Recursive functions are the natural way to express iterations in a functional programming langauge, but in R, they can be significantly slower than loop-versions and for moderately long sequences or moderately deep trees, recursive functions will reach a limit imposted on them by the stack limit.

There are known solutions to these problems, as long as functions are written to be tail-recursive, meaning that the return value of a function is either a base value or another recursive call, but where we do not call recursively to then do something with the result.

The goal of tailr is to automatically transform tail-recursive functions into loops or trampolines.

Installation

You can install the released version of tailr from CRAN using

install.packages("tailr")

You can install tailr from GitHub with:

# install.packages("devtools")
devtools::install_github("mailund/tailr")

Examples

We can take a classical recursive function and write it in a tail-recursive form using an accumulator:

factorial <- function(n, acc = 1) {
    if (n <= 1) acc
    else factorial(n - 1, acc * n)
}

We can then, automatically, translate that into a looping version:

tr_factorial <- tailr::loop_transform(factorial, byte_compile = FALSE)
tr_factorial
#> function(n, acc = 1) {
#>     if (n <= 1) acc
#>     else factorial(n - 1, acc * n)
#> }

tr_factorial(100)
#> [1] 9.332622e+157

I have disabled byte compilation to make running time comparisons fair; by default it is enabled. For a function as simple as factorial, though, byte compiling will not affect the running time in any substantial amount.

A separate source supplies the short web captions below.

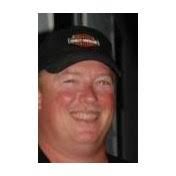 Denise Credle's Instagram, Twitter & Facebook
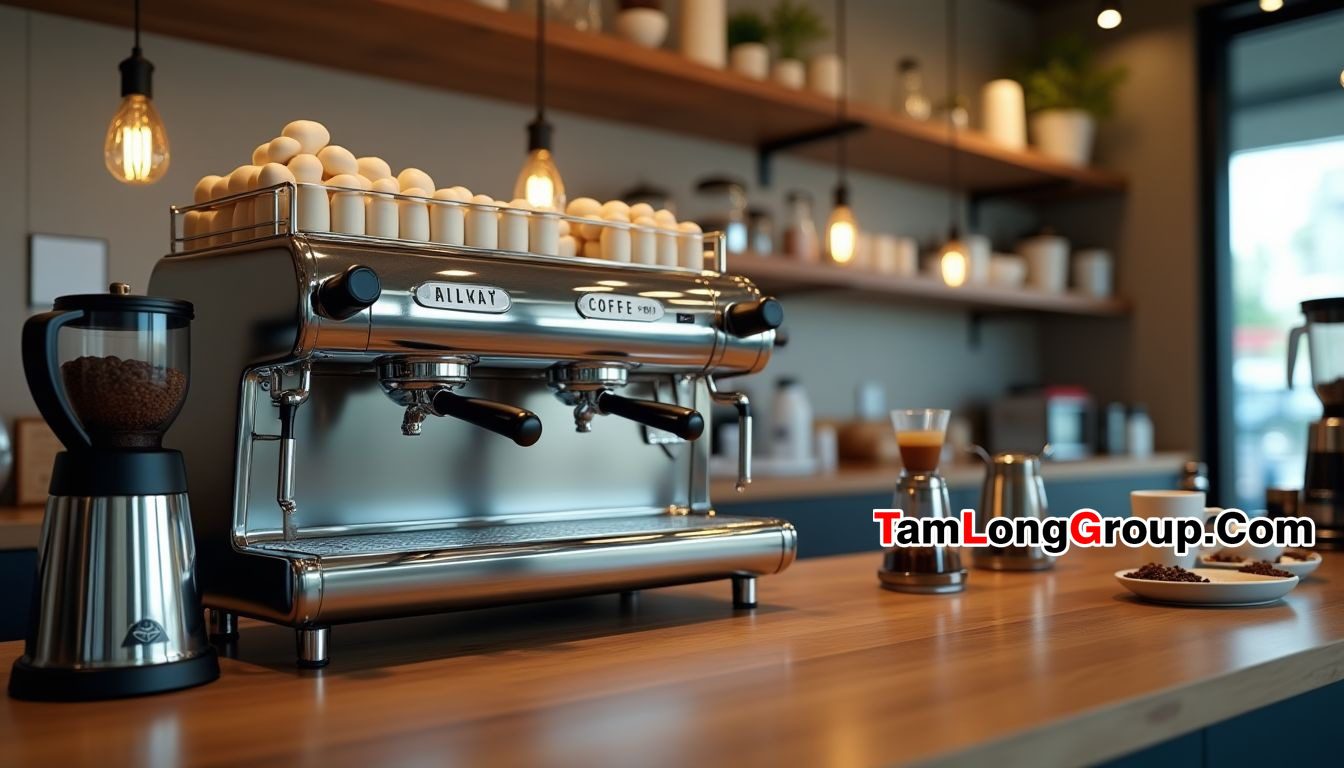Cách Khắc Phục Tình Trạng Nước Bị Bắn Ra Ngoài Khi Đánh Sữa Bằng Welhome 2 Cách Khắc Phục Tình Trạng Nước Bị Bắn Ra Ngoài Khi Đánh Sữa Bằng Welhome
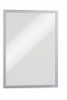 Notice Boards - 2348527 - RS Components, Ltd.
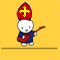 webicon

We can compare the running time with the recursive function and a version that is written using a loop:

loop_factorial <- function(n) {
    val <- 1
    while (n > 1) {
        val <- n * val
        n <- n - 1
    }
    val
}


n <- 1000
bm <- microbenchmark::microbenchmark(factorial(n), 
                                     loop_factorial(n), 
                                     tr_factorial(n))
bm
#> Unit: microseconds
#>               expr     min       lq      mean   median       uq      max
#>       factorial(n) 715.304 772.4265 1035.9802 863.2585 1179.665 6816.073
#>  loop_factorial(n)  51.310  51.8860   96.7987  53.6600   60.598 3491.843
#>    tr_factorial(n) 791.451 821.8215 1100.5864 907.5140 1166.180 2606.855
#>  neval
#>    100
#>    100
#>    100
boxplot(bm)

There is some overhead in using the automatically translated version over the hand-written, naturally, and for a simple function such as factorial, it is not hard to write the loop-variant instead of the recursive function.

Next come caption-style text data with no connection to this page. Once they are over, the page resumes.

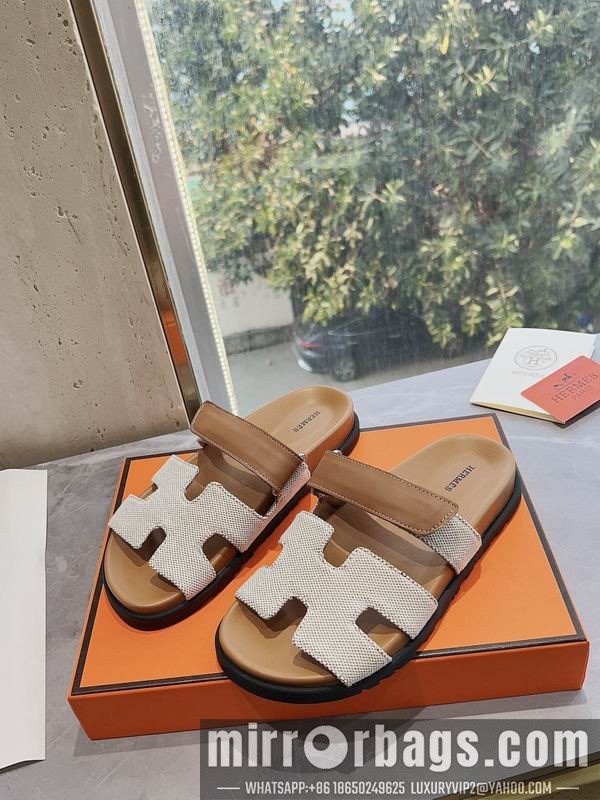 Replica Hermes Shoes Hermes sz35-42 39-45 mnf0246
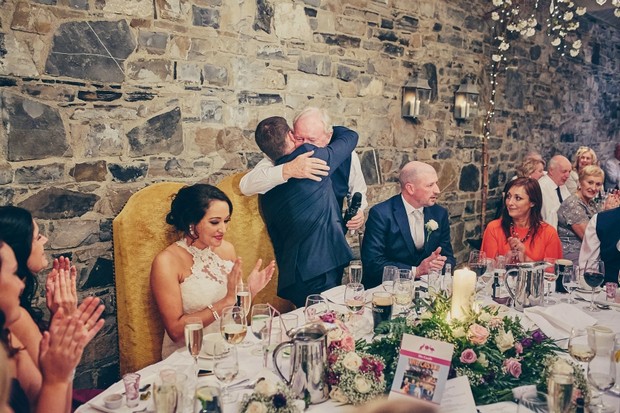 father-bride-hugging-groom-wedding-speevh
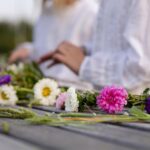 Where to celebrate Midsommar in Sweden 2026: Best places by region – LikeSweden
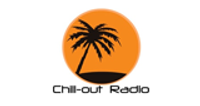 Beach Chill-out Radio logo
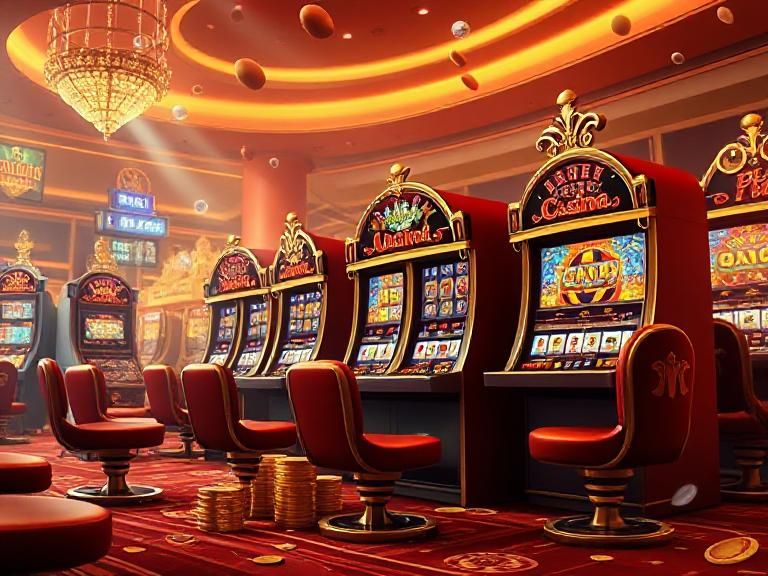 multibet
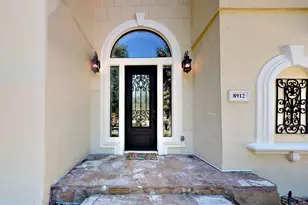 8912 Forest Lake Dr, Montgomery, TX 77316 - Photo 8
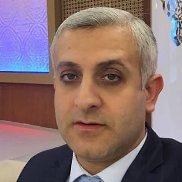 Valentin, 61 ���, ������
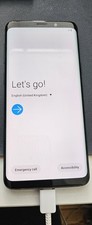 samsung s9 midnight black for sale samsung s9 midnight black for sale MARGATE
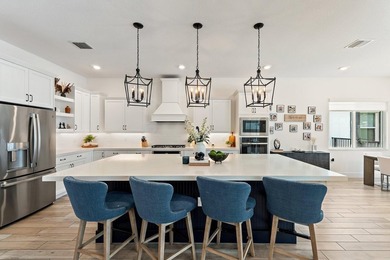 Experience elevated living in Avenir's exclusive La Terre - photo 16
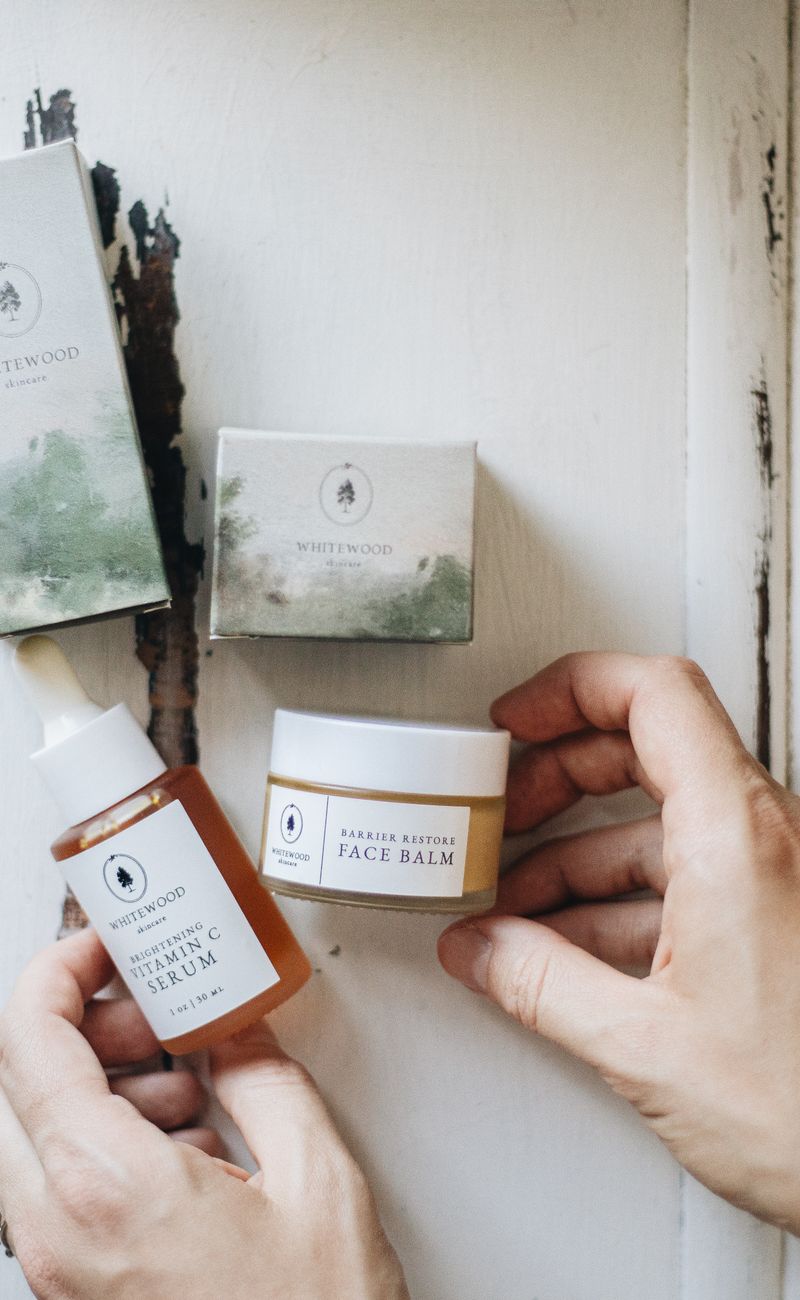 Best Skincare Routine for Men: The Complete 5-Step Guide (2026)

However, consider a more complicated example. Using the pmatch package, we can create a linked list data structure as this:

library(pmatch)
llist := NIL | CONS(car, cdr : llist)

A natural way to process linked lists using pattern matching is to write recursive functions that matches different patterns of their input. A function for computing the length of a linked list can look like this:

llength <- function(llist, acc = 0) {
    cases(llist,
          NIL -> acc,
          CONS(car, cdr) -> llength(cdr, acc + 1))
}

It is reasonably simple to understand this function, whereas a looping version is somewhat more complicated. An initial attempt could look like this:

loop_llength <- function(llist) {
    acc <- 0
    repeat {
        cases(llist,
              NIL -> return(acc),
              CONS(car, cdr) -> {
                  acc <- acc + 1
                  llist <- cdr
              })
    }
}

This version will not function, however, since it tries to return from inside a call to cases, and return only works inside the immediate scope.

Instead, we can use callCC to implement a non-local return like this:

loop_llength <- function(llist) {
    callCC(function(escape) {
        acc <- 0
        repeat {
            cases(llist,
                  NIL -> escape(acc),
                  CONS(car, cdr) -> {
                      acc <<- acc + 1
                      llist <<- cdr
                  })
        }    
    })
}

Notice that we have to use the <<- assignment operator here. This is for the same reason that we need a non-local return. The expression inside the call to cases is evaluated in a different environment than the local function environment, so to get to the actual variables we want to assign to, we need the non-local assignment operator.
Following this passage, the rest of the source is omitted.